A picture-free, exact copy of all the records below is the goal.

### [INFORMATION PROVIDED]
*****

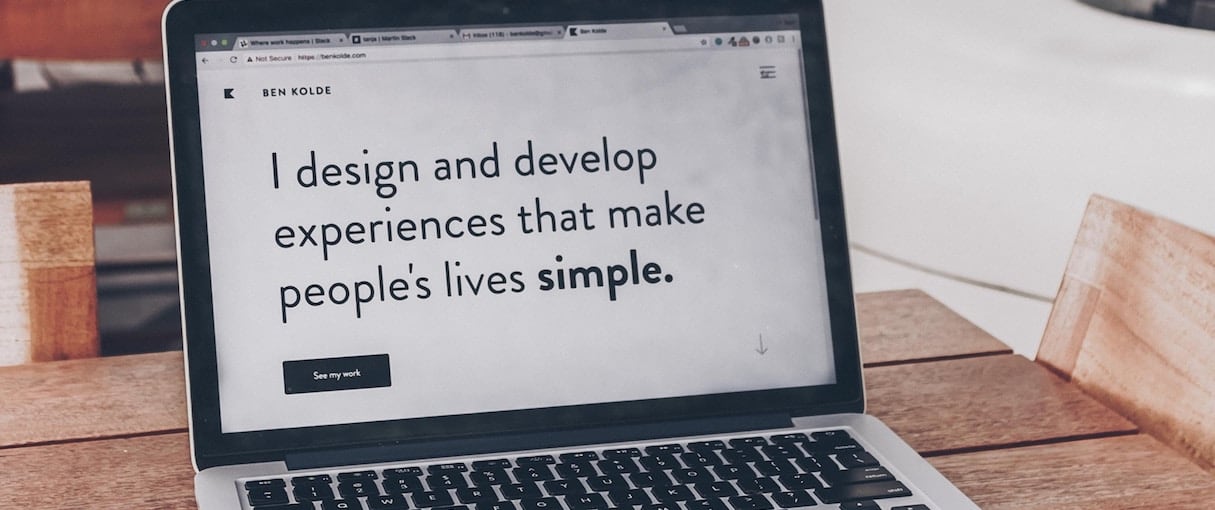 10 lojas da Shopify com design super criativo para inspirar você em 2018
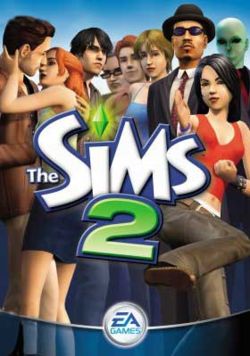 Jaquette de Les Sims 2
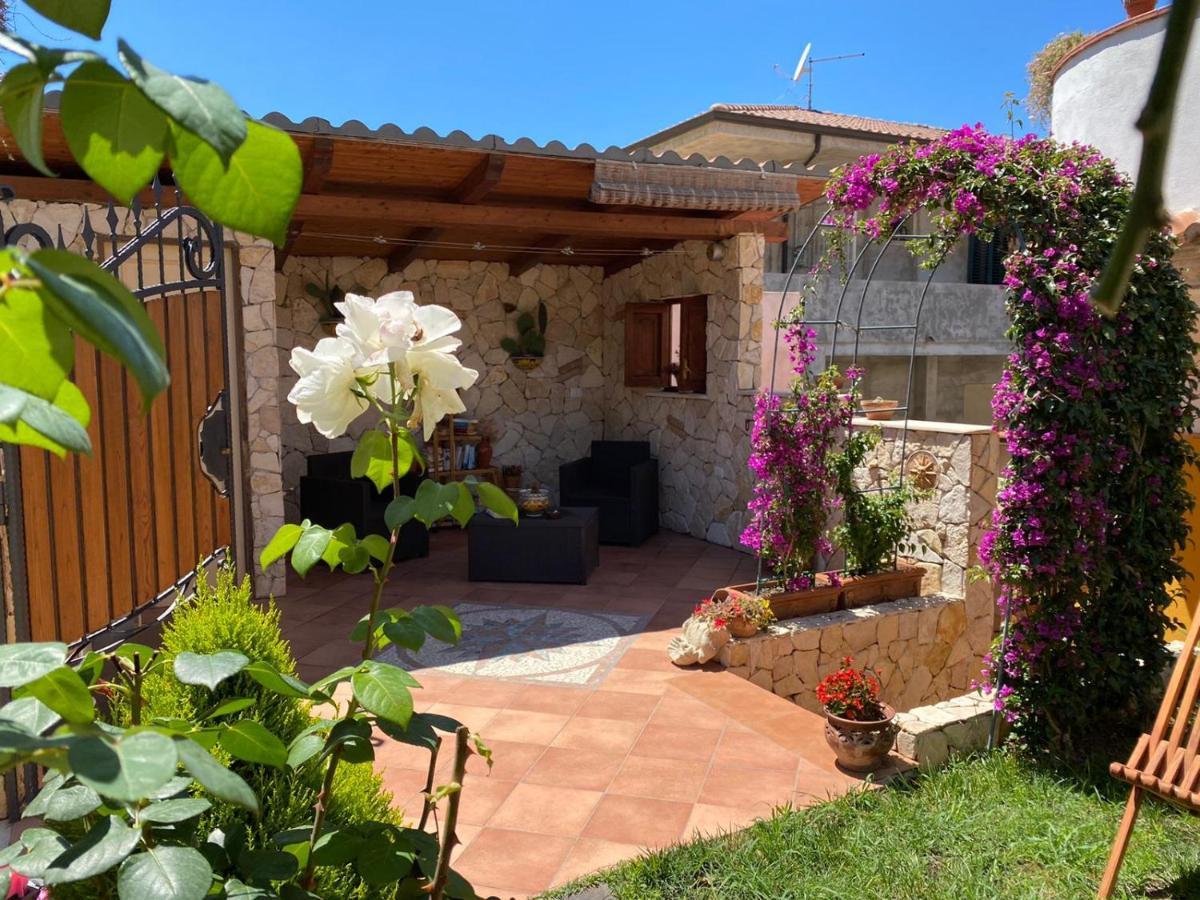 Rosa dei Venti Accomodation Tropea Esterno foto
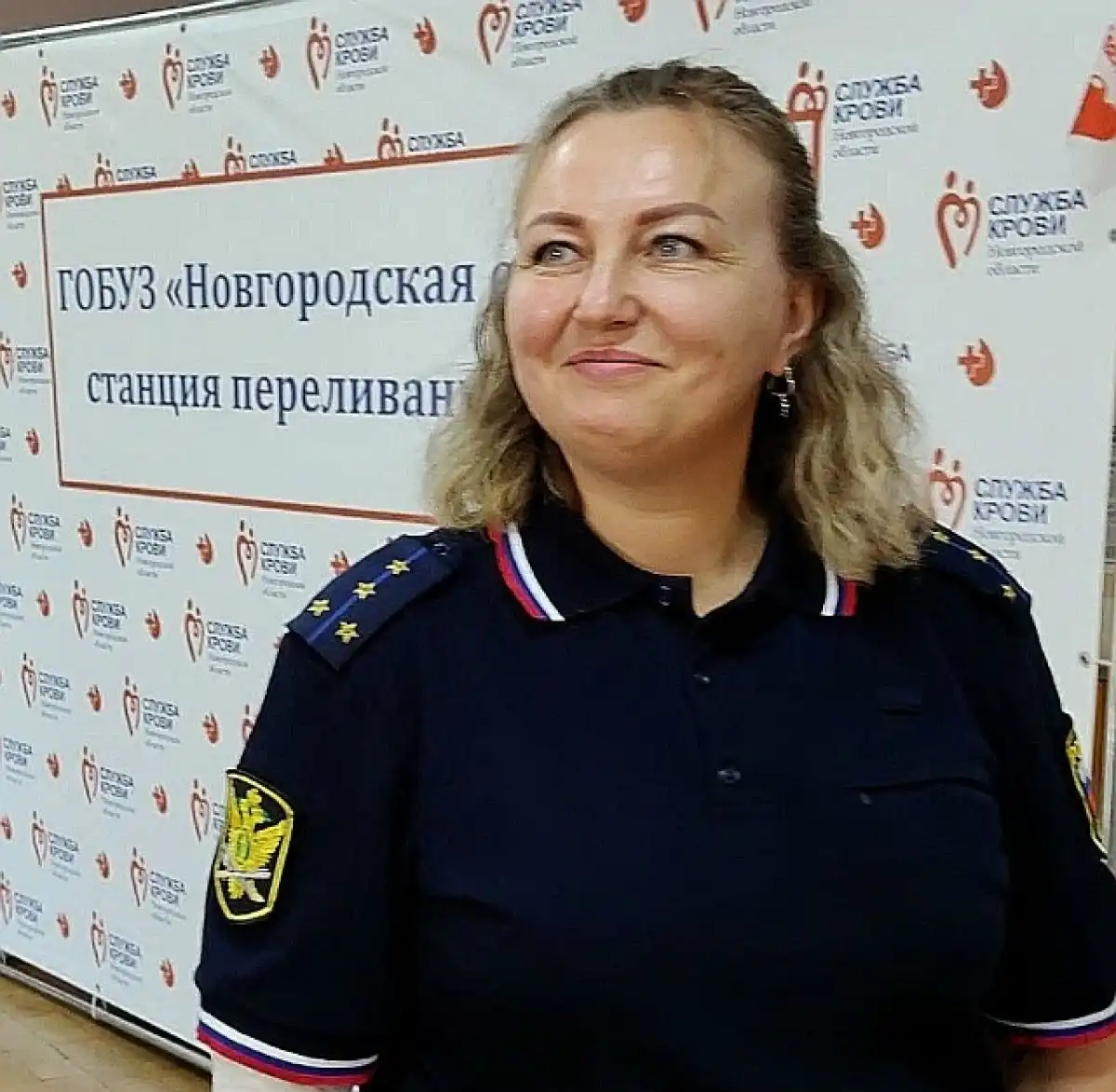 Помимо донорства крови, Татьяна Казанская вошла в федеральный регистр доноров костного мозга.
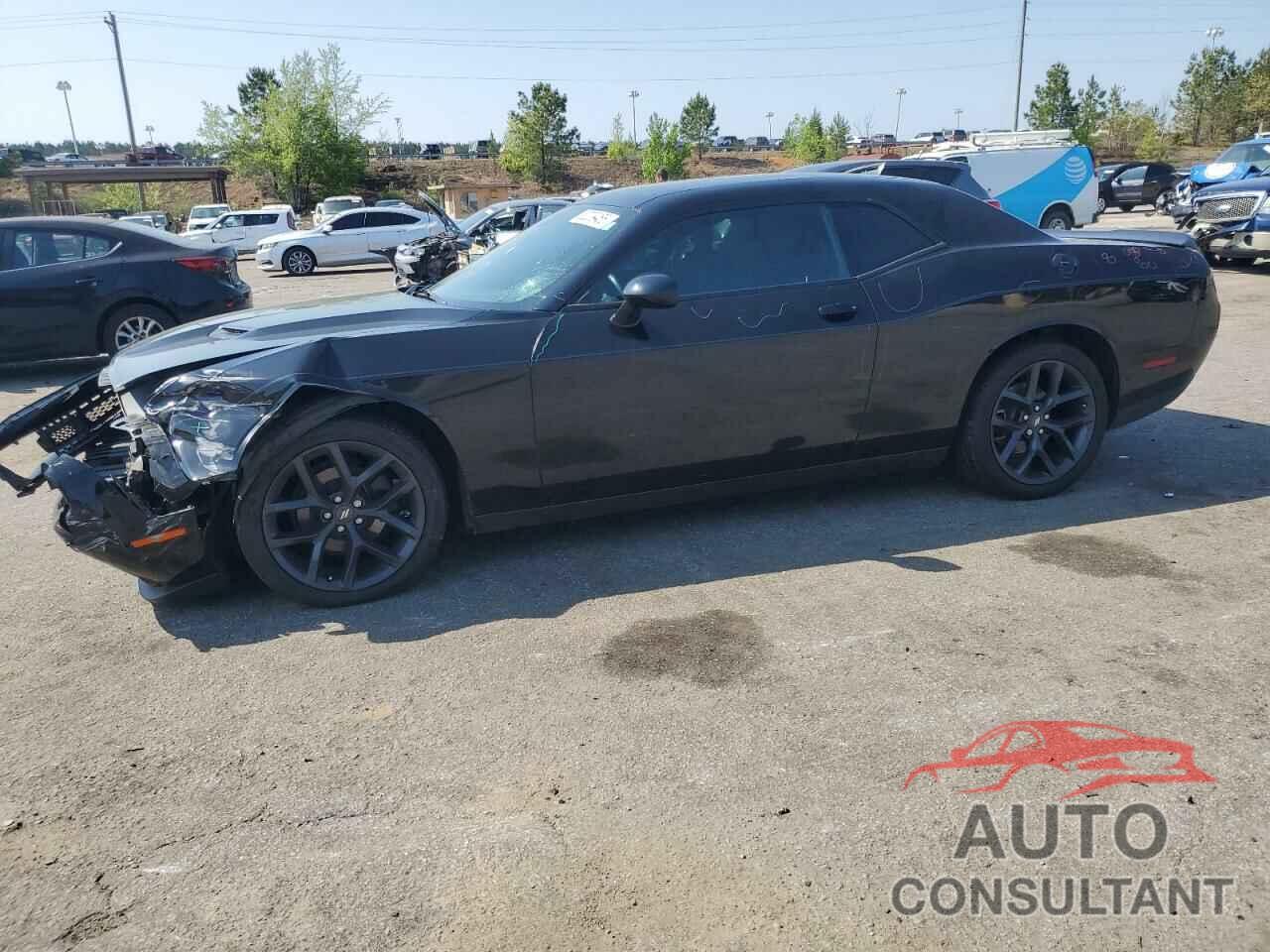 DODGE CHALLENGER 2020 - 2C3CDZAGXLH113167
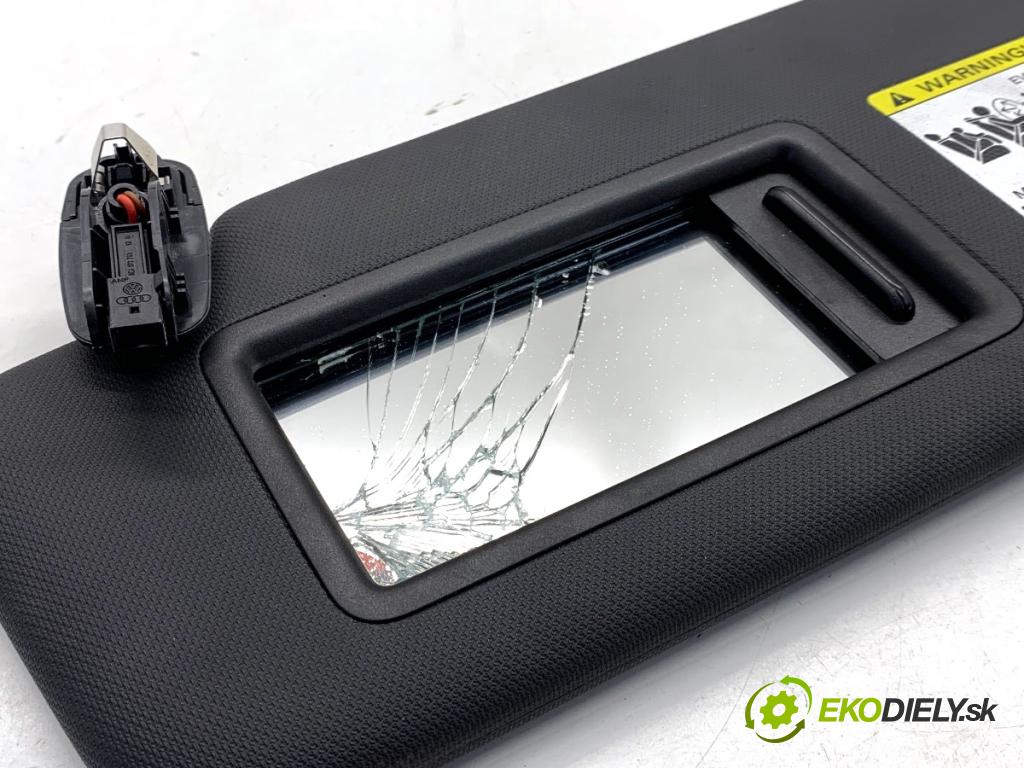 AUDI A3 8V sedan 2016 140 kW 2.0 TFSI quattro 1984 Clona slnečná ľavy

*****

### [SOLUTION]
 10 lojas da Shopify com design super criativo para inspirar você em 2018
 Jaquette de Les Sims 2
 Rosa dei Venti Accomodation Tropea Esterno foto
 Помимо донорства крови, Татьяна Казанская вошла в федеральный регистр доноров костного мозга.
 DODGE CHALLENGER 2020 - 2C3CDZAGXLH113167
 AUDI A3 8V sedan 2016 140 kW 2.0 TFSI quattro 1984 Clona slnečná ľavy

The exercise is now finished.